By KAS CHANWANPEN
PRIME MINISTER Prayut Chan-o-cha yesterday insisted that the road map for national elections remain unaltered, dismissing suggestions that the junta will postpone the poll in light of the King’s coronation ceremony.
This idea was floated by ultra royalists Arthit Ourairat and Chulcherm Yugala yesterday, who said the long-awaited general elections should be held after the coronation ceremony.
The Royal Household Bureau announced on Tuesday that the coronation ceremony will be held from May 4 to 6.
Arthit said the election will only lead to conflicts and division due to undemocratic rules and regulations, and that the new reign should be celebrated first before new rules are created later to ensure the country moves toward democracy.
Chulcherm, meanwhile, said the National Council for Peace and Order should be in charge of all aspects of the |ceremony, hence the poll should be held later in May.
However, Prayut dismissed these suggestions yesterday, saying they were personal views and not relevant to the government’s decision.
Prior to the coronation announcement, the possibility of the elections being delayed had been raised over reports that the ballots will not be printed in time for the February 24 vote.
Prayut also rejected this report yesterday, saying he has never spoken about a delay.
“Things remain unchanged,” the premier said. “The Election Commission [EC] will determined the election date. It’s up to them. But considering the current timetable, the election will take place before [the coronation ceremony].”
Prayut admitted that the coronation ceremony was the most important event of the year, apart from the election, but the government can handle both.

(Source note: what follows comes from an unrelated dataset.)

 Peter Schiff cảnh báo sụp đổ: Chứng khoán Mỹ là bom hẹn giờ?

Although the junta has remained firm on the election taking place on February 24, the royal decree to officially fix the date has not been published in the Royal Gazette yesterday as previously planned.

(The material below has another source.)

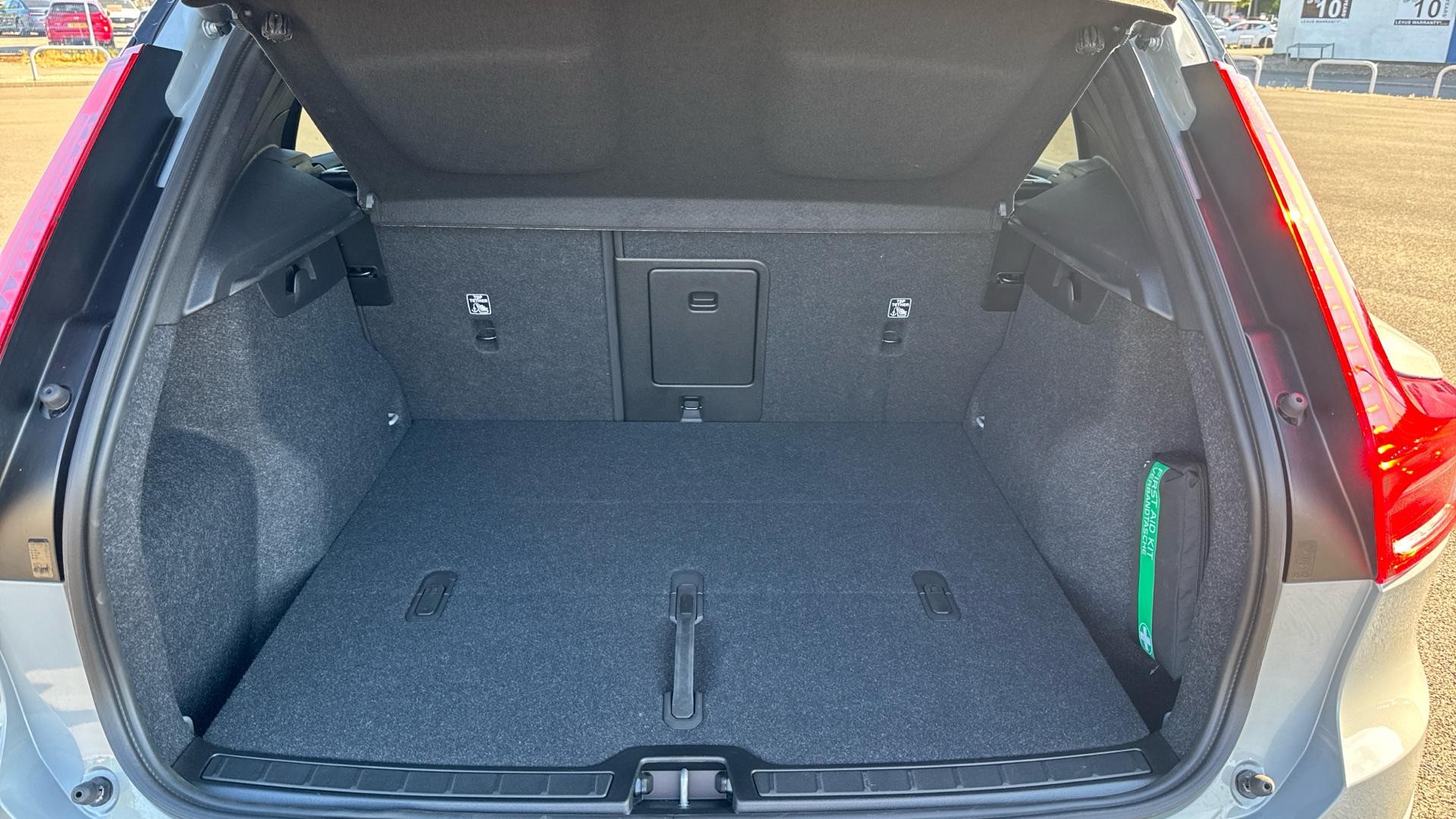 Volvo EX40 Image 17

Prayut said the EC needed to sort out the matter, adding that no matter what date they decide on, the government will issue a royal decree accordingly.
In a related development, the EC has reiterated that the planned election will not be postponed.

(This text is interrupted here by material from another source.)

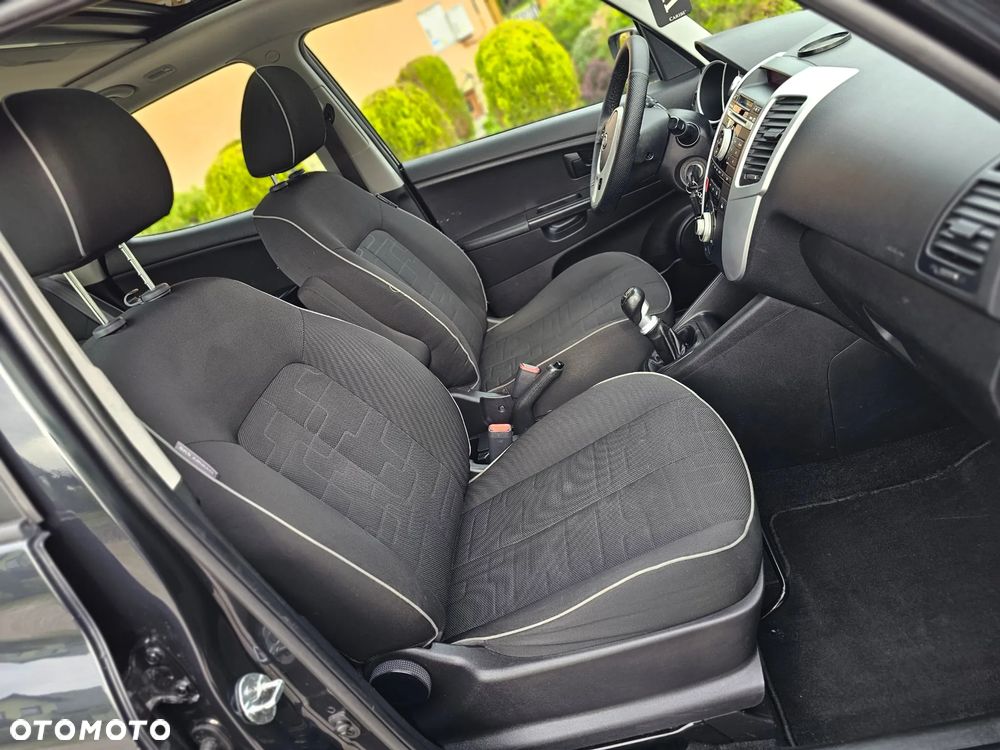 Kia Venga 1.4 CVVT ISG Vision - 10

EC secretary-general Jarungwit Pumma said: “There is currently no royal decree for the election but this does not mean the election date will be postponed.” He was responding to widespread rumours of a delay.
Jarungwit also dismissed reports that EC officials had called the political parties to alert them about a postponement, as the ballots cannot be printed in time.
“As for the ballots, we have already finished drafting the terms of reference for the publishing. The printing will certainly be done in time,” he said.
Jarungwit added that in 60 days of the vote the EC must announce the results of at least 95 per cent of the elected MPs. In the past, the EC has announced results within a month, he said.
The election tops the list of the three most important events in 2019, in addition to the coronation and chairing the Asean bloc.
The country has been under the rule of a junta-backed government since the military coup d’etat in May 2014. Junta chief and Prime Minister Prayut has repeatedly hinted at his intent to retain power after the election.
The Phalang Pracharat Party, (PPP) named after Prayut’s pet populist Pracharat project, said it would propose the general as its candidate for premier.
When asked if he will accept the PPP’s offer, Prayut said he has not decided whether he will join any party in the race. “I require some more time [to make a decision]. For now I would like to see people study political parties’ policies first – all parties, not only Phalang Pracharat,” he said.
“The political parties also should keep their word as people will have high expectations from the election.”
The economy is also expected to benefit from the coming election, with the Commerce Ministry saying it could boost consumer spending due to political activities during the campaign.